This Stuff is Hard
I'm beating a dead horse here, but I want to make sure that you won't be surprised.
There is an idea out there known as "Effort Shock" popularized by an article titled "How the Karate Kid Ruined the Entire World". If that sounds interesting to you, read it, but to summarize, most things worth doing take a very long time to get good at. What "good" is defined as changes, but I don't want you to be surprised at the amount of time it will take before you feel like you know what is going on.
This course will probably take around 100 hours, probably more. When you're done, you'll be able to do things, but you will likely feel like you know less than when you started. The whole wide world will have opened itself up to you, and right now, "You don't know what you don't know". By building your foundation and focusing on learning how to do things, you open yourself up to learn any subject you need to, depending on your interests or the requirements of your job.

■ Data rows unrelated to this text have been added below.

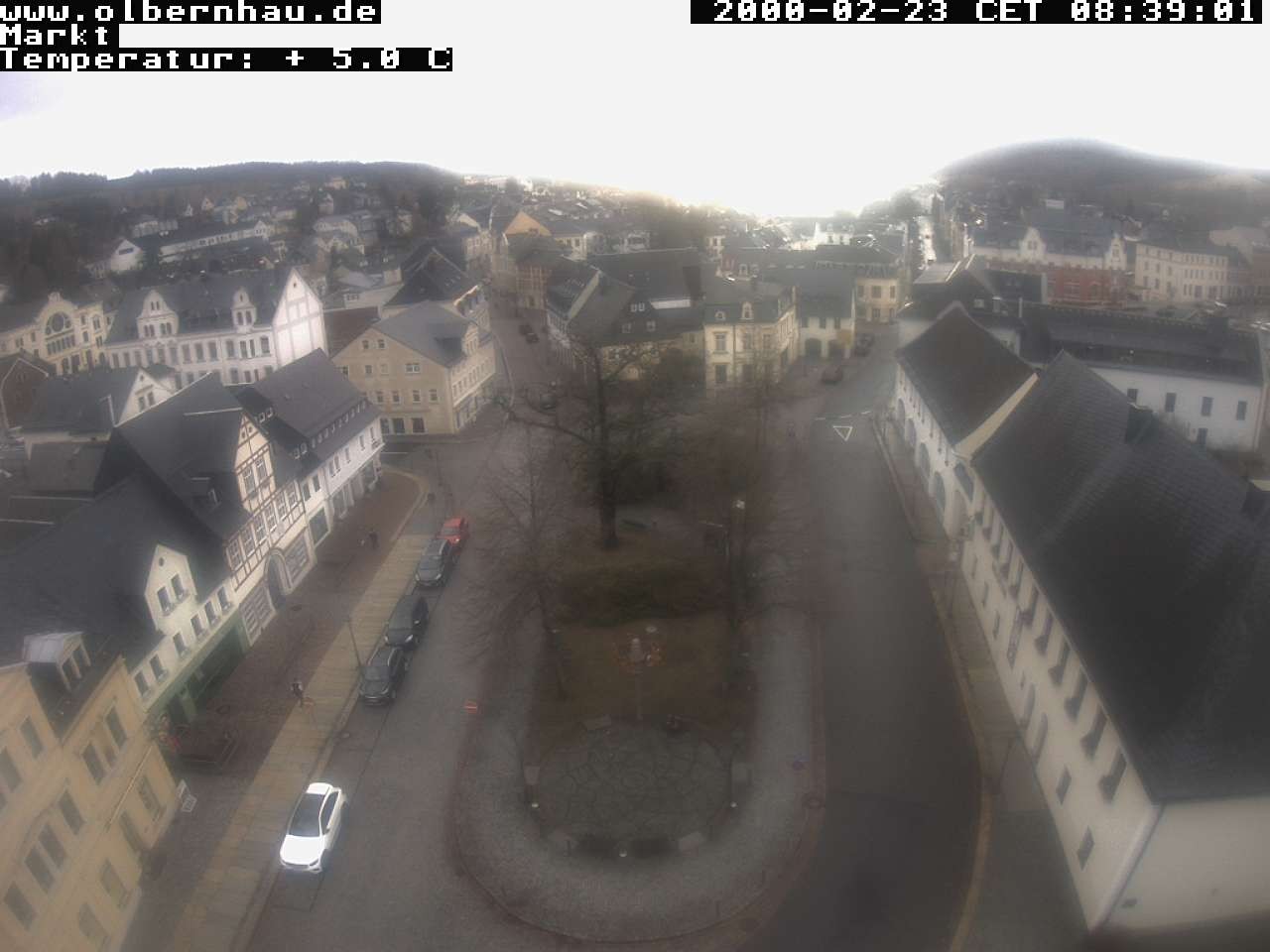 Archiv Foto Webcam Stadtkirche Olbernhau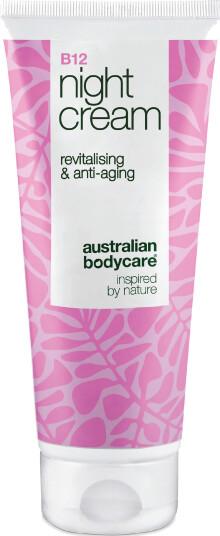Australian Bodycare B12 Nattkrem 100 ml - Revitaliserende og Anti-Aging Australian Bodycare B12 Nattkrem 100 ml - Revitaliserende og Anti-Aging
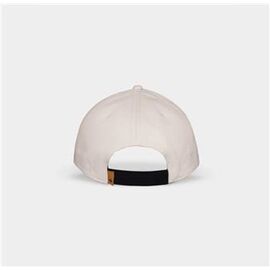 Ghost of Yotei Baseball Cap Ginko Leaf White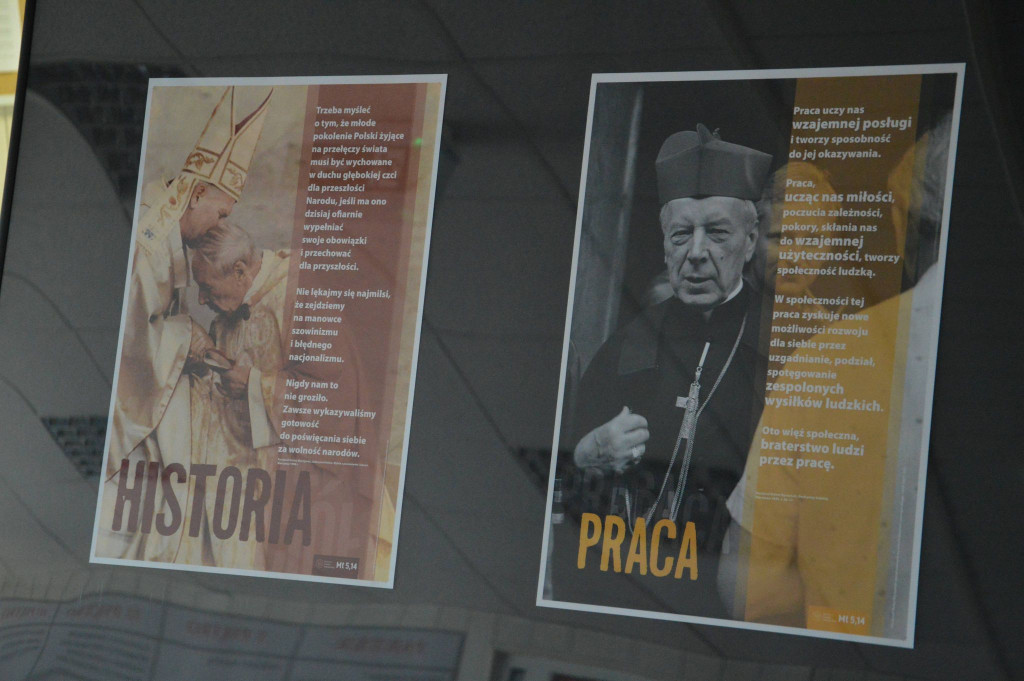 Wystawa o Janie Pawle II i prymasie Wyszyńskim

100 hours isn't enough to make an expert, but on the plus side, 10,000 hours is wayyy more than you will need. If you spend two hours a day learning (~500 hours a year) it will probably take a year or two before you get comfortable. If you do it right, the moment you stop feeling totally lost you'll just start working on harder problems and you'll wind up more confused than you could imagine now.
The most important skill you will learn is how to use all of your resources effectively to solve problems you've never seen before, whether that is your notes, classmates, teachers, reference pages, or Google.
Mostly, Google. Being able to do things with computers is a long term process of reinforcing and building on the basic knowledge we will teach you in this course, and it will never end until you decide the computers have won.
Don't let the computers win, and keep learning everything you can.